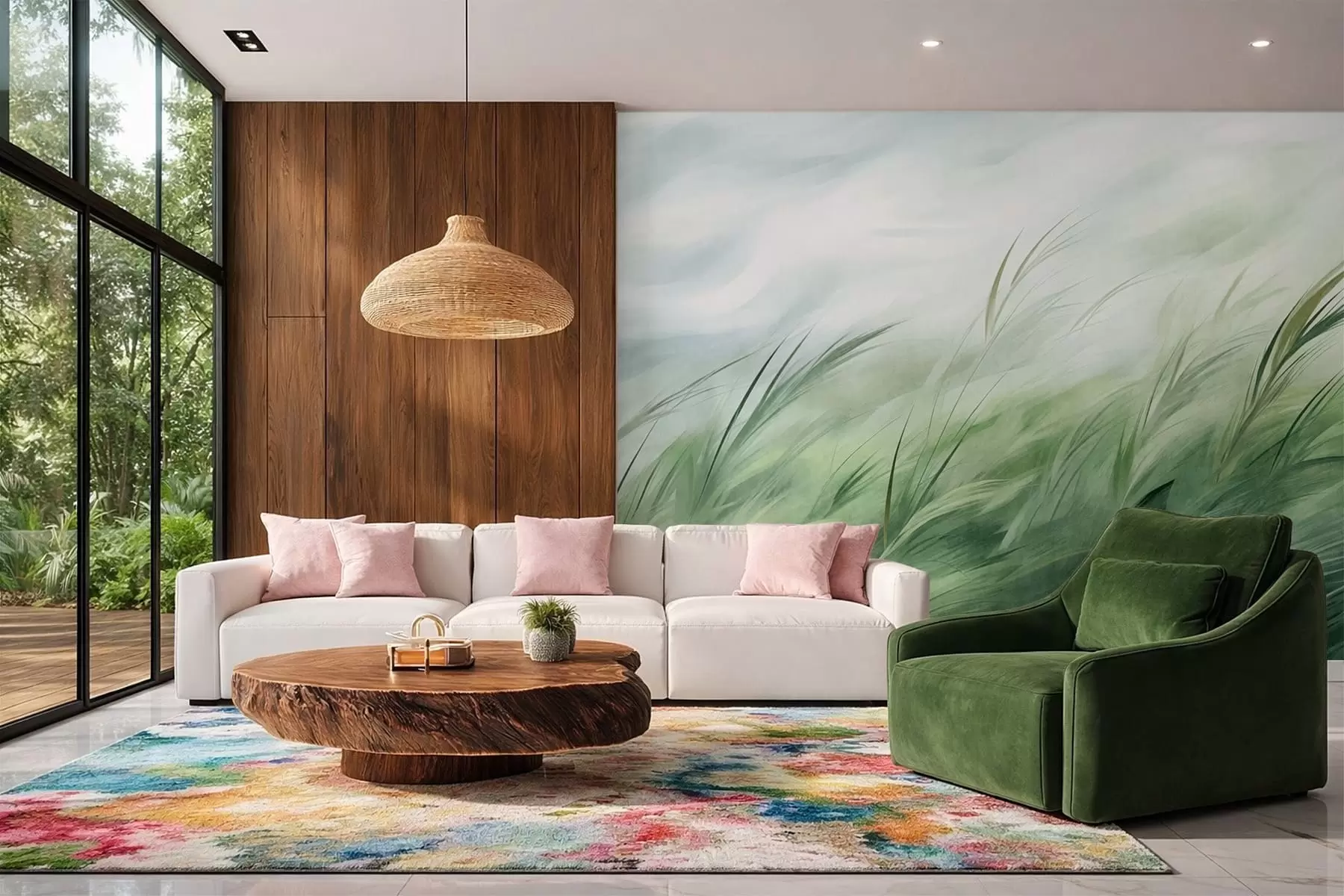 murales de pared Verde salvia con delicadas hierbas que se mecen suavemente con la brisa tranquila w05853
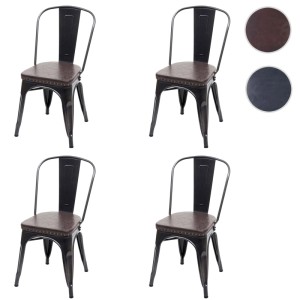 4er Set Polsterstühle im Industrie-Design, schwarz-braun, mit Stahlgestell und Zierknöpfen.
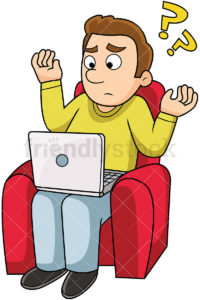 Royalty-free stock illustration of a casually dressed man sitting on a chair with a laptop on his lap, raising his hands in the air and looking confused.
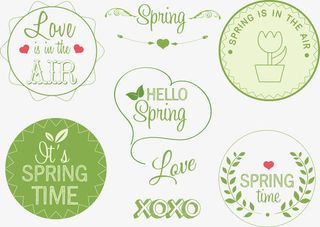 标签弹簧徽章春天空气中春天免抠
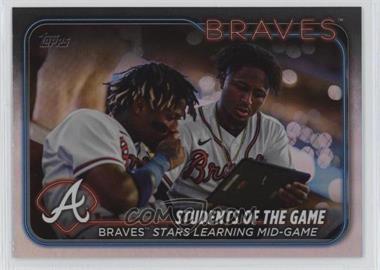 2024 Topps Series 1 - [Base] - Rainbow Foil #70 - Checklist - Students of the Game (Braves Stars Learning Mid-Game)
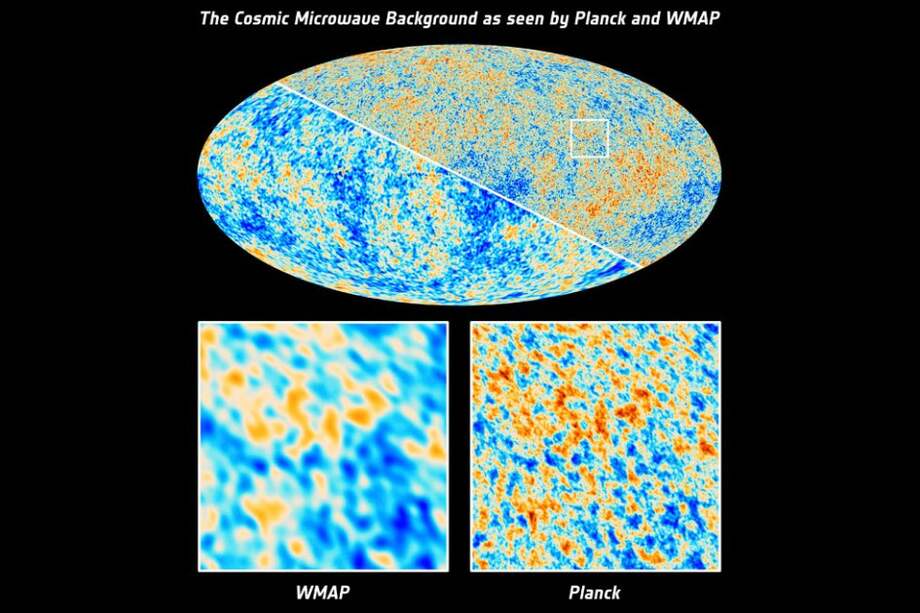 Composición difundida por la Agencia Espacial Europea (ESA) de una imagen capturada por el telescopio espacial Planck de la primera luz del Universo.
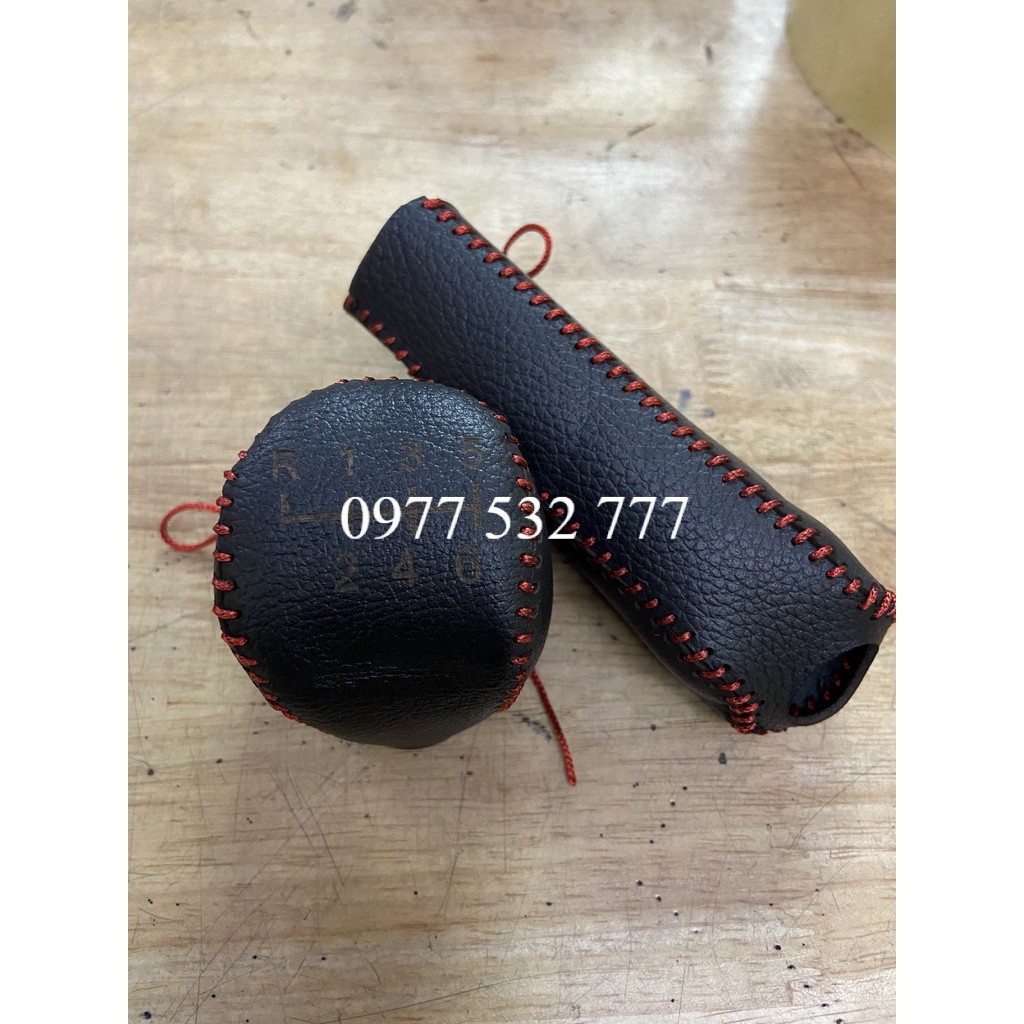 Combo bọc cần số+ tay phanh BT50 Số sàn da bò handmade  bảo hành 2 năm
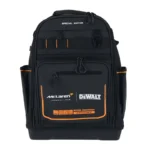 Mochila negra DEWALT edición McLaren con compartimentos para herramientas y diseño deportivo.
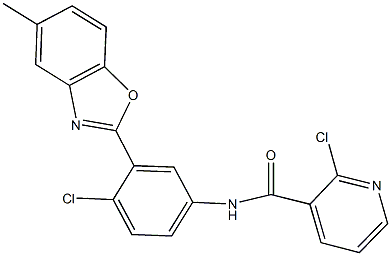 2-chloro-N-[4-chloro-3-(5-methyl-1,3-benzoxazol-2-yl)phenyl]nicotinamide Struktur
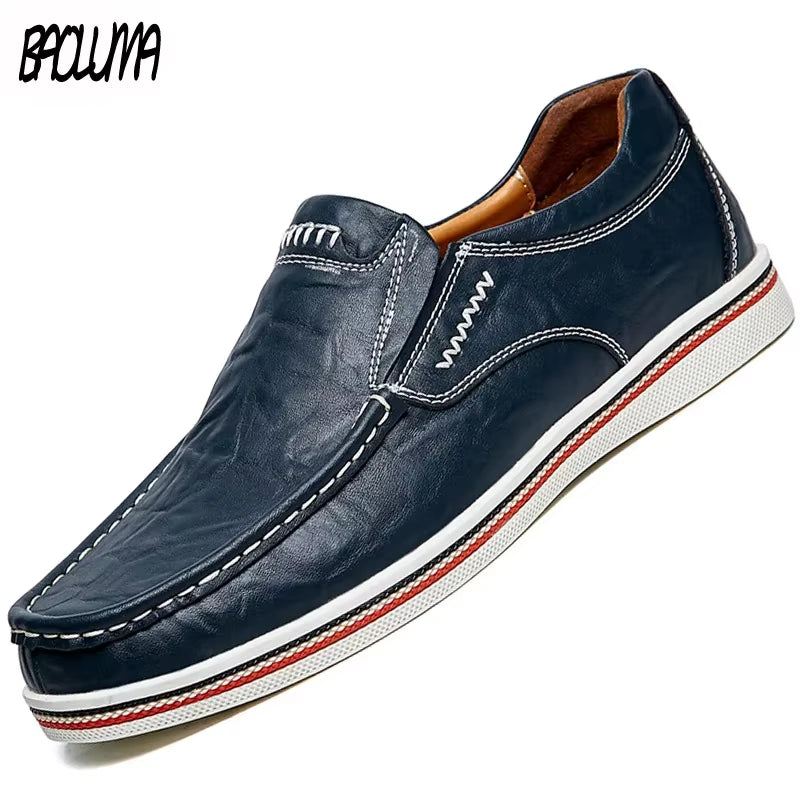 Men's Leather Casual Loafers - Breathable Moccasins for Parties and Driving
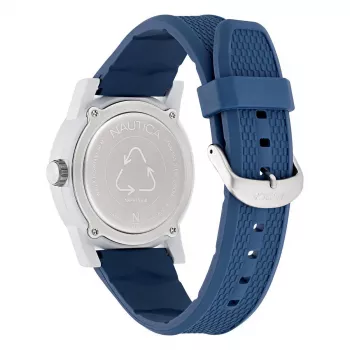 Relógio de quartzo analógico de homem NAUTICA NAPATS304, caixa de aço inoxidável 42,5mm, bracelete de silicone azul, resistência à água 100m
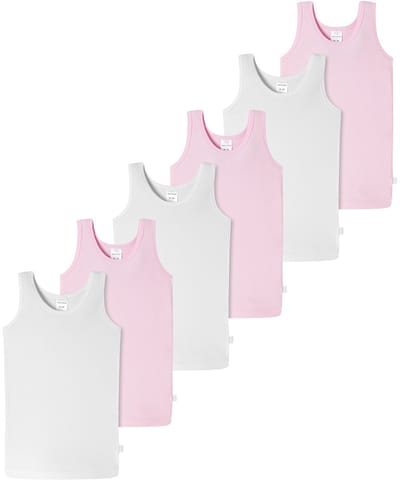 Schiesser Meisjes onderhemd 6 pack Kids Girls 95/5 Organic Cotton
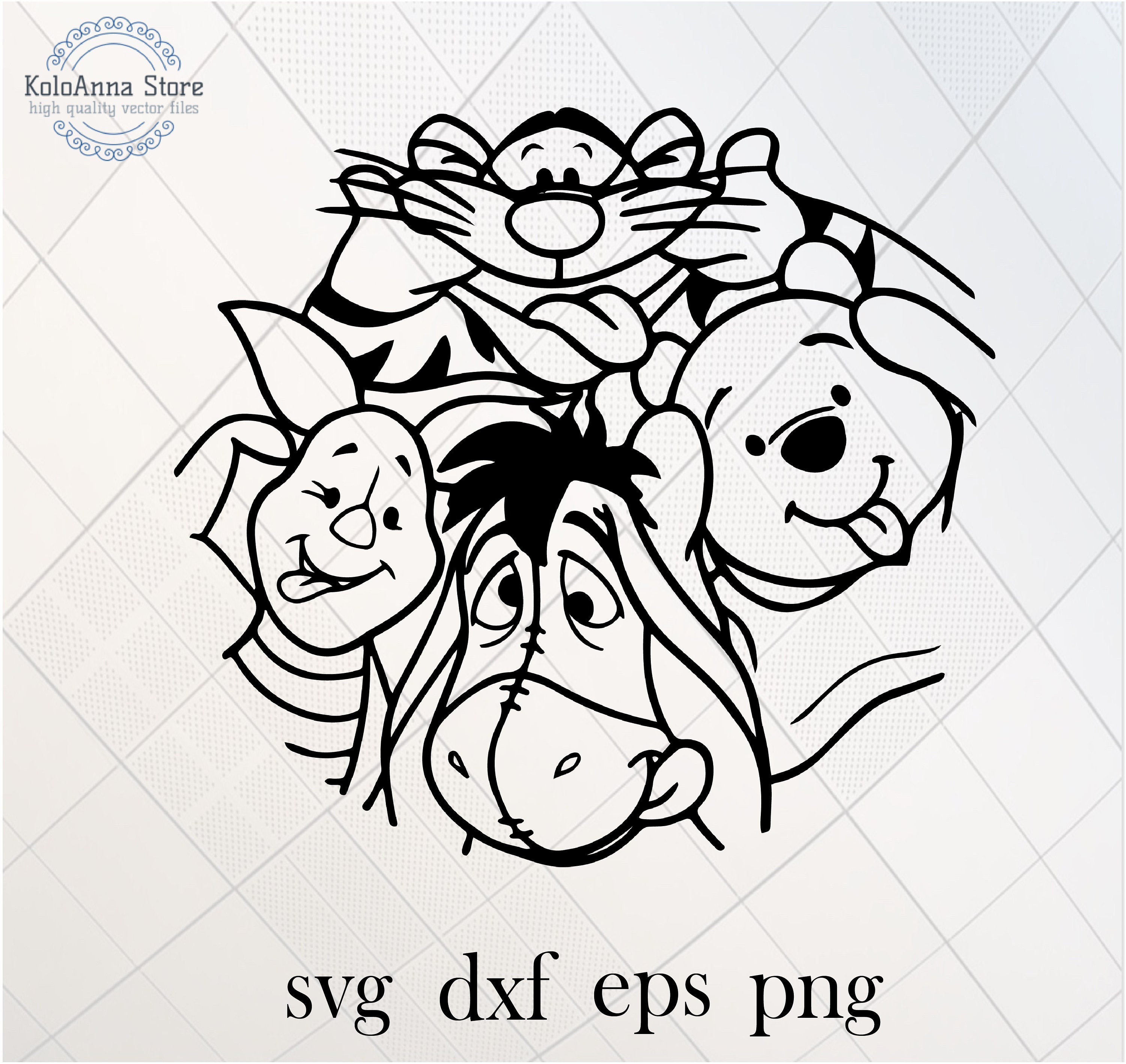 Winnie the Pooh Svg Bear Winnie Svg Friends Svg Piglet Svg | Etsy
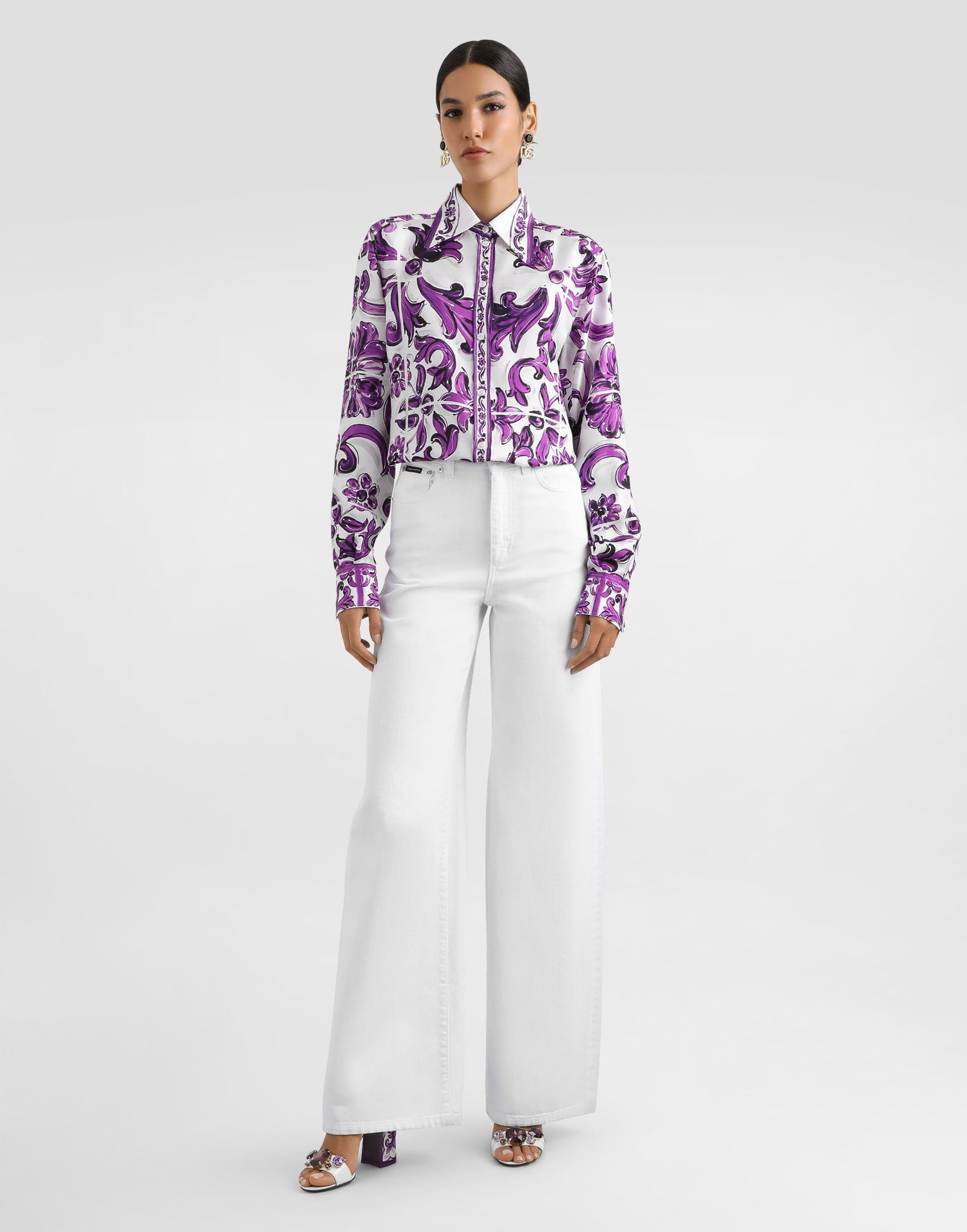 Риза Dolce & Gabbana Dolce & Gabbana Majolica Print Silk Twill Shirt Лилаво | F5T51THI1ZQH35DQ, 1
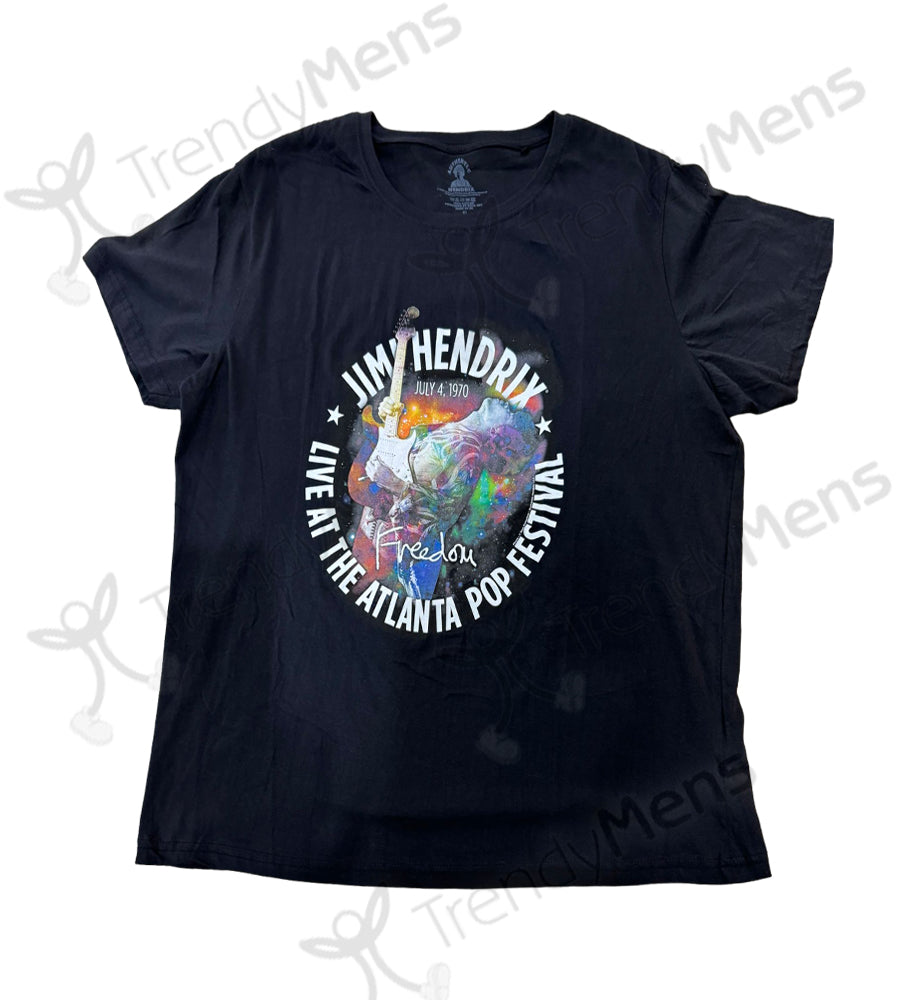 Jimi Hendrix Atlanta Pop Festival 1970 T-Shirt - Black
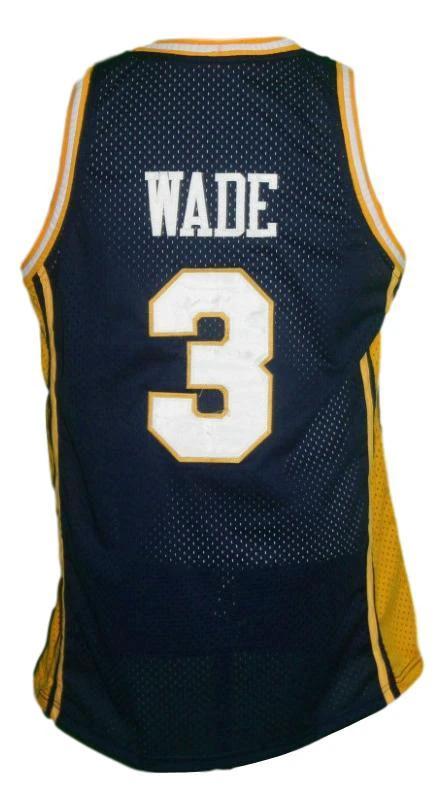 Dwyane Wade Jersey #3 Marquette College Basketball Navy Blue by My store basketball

◇ ◇ ◇

§ **THE PROBLEM**:
Word for word and without any pictures, return all of the lines above.

§ **WRITTEN ANSWER**:
 murales de pared Verde salvia con delicadas hierbas que se mecen suavemente con la brisa tranquila w05853
 4er Set Polsterstühle im Industrie-Design, schwarz-braun, mit Stahlgestell und Zierknöpfen.
 Royalty-free stock illustration of a casually dressed man sitting on a chair with a laptop on his lap, raising his hands in the air and looking confused.
 标签弹簧徽章春天空气中春天免抠
 2024 Topps Series 1 - [Base] - Rainbow Foil #70 - Checklist - Students of the Game (Braves Stars Learning Mid-Game)
 Composición difundida por la Agencia Espacial Europea (ESA) de una imagen capturada por el telescopio espacial Planck de la primera luz del Universo.
 Combo bọc cần số+ tay phanh BT50 Số sàn da bò handmade  bảo hành 2 năm
 Mochila negra DEWALT edición McLaren con compartimentos para herramientas y diseño deportivo.
 2-chloro-N-[4-chloro-3-(5-methyl-1,3-benzoxazol-2-yl)phenyl]nicotinamide Struktur
 Men's Leather Casual Loafers - Breathable Moccasins for Parties and Driving
 Relógio de quartzo analógico de homem NAUTICA NAPATS304, caixa de aço inoxidável 42,5mm, bracelete de silicone azul, resistência à água 100m
 Schiesser Meisjes onderhemd 6 pack Kids Girls 95/5 Organic Cotton
 Winnie the Pooh Svg Bear Winnie Svg Friends Svg Piglet Svg | Etsy
 Риза Dolce & Gabbana Dolce & Gabbana Majolica Print Silk Twill Shirt Лилаво | F5T51THI1ZQH35DQ, 1
 Jimi Hendrix Atlanta Pop Festival 1970 T-Shirt - Black
 Dwyane Wade Jersey #3 Marquette College Basketball Navy Blue by My store basketball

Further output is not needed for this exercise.